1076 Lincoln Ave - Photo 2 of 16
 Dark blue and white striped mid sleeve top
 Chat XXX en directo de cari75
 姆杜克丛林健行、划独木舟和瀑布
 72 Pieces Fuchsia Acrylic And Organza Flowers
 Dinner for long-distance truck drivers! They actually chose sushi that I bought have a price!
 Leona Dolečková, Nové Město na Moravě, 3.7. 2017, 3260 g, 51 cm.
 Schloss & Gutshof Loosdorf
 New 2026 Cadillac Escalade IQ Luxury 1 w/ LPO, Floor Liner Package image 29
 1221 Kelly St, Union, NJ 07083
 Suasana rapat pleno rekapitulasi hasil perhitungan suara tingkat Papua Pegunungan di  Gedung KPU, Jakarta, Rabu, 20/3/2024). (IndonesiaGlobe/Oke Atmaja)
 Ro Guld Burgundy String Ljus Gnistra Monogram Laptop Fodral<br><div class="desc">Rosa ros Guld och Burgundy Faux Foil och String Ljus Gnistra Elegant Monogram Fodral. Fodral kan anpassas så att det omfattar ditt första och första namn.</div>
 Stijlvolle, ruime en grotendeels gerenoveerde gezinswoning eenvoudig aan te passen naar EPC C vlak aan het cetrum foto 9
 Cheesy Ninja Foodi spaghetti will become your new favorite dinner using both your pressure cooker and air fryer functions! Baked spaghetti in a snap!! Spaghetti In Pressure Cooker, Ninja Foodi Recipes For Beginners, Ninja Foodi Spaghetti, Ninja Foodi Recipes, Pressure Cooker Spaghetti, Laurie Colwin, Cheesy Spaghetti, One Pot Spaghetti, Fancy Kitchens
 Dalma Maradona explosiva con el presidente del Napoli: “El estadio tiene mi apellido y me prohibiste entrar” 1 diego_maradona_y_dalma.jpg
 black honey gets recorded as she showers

- [TRY IT]: Set down, exactly as they appear above, all lines from the one that has "72 Pieces Fuchsia" down to the one that has "Schloss & Gutshof Loosdorf", including those two and no others.

- [RESULT OF THE TASK]:
 72 Pieces Fuchsia Acrylic And Organza Flowers
 Dinner for long-distance truck drivers! They actually chose sushi that I bought have a price!
 Leona Dolečková, Nové Město na Moravě, 3.7. 2017, 3260 g, 51 cm.
 Schloss & Gutshof Loosdorf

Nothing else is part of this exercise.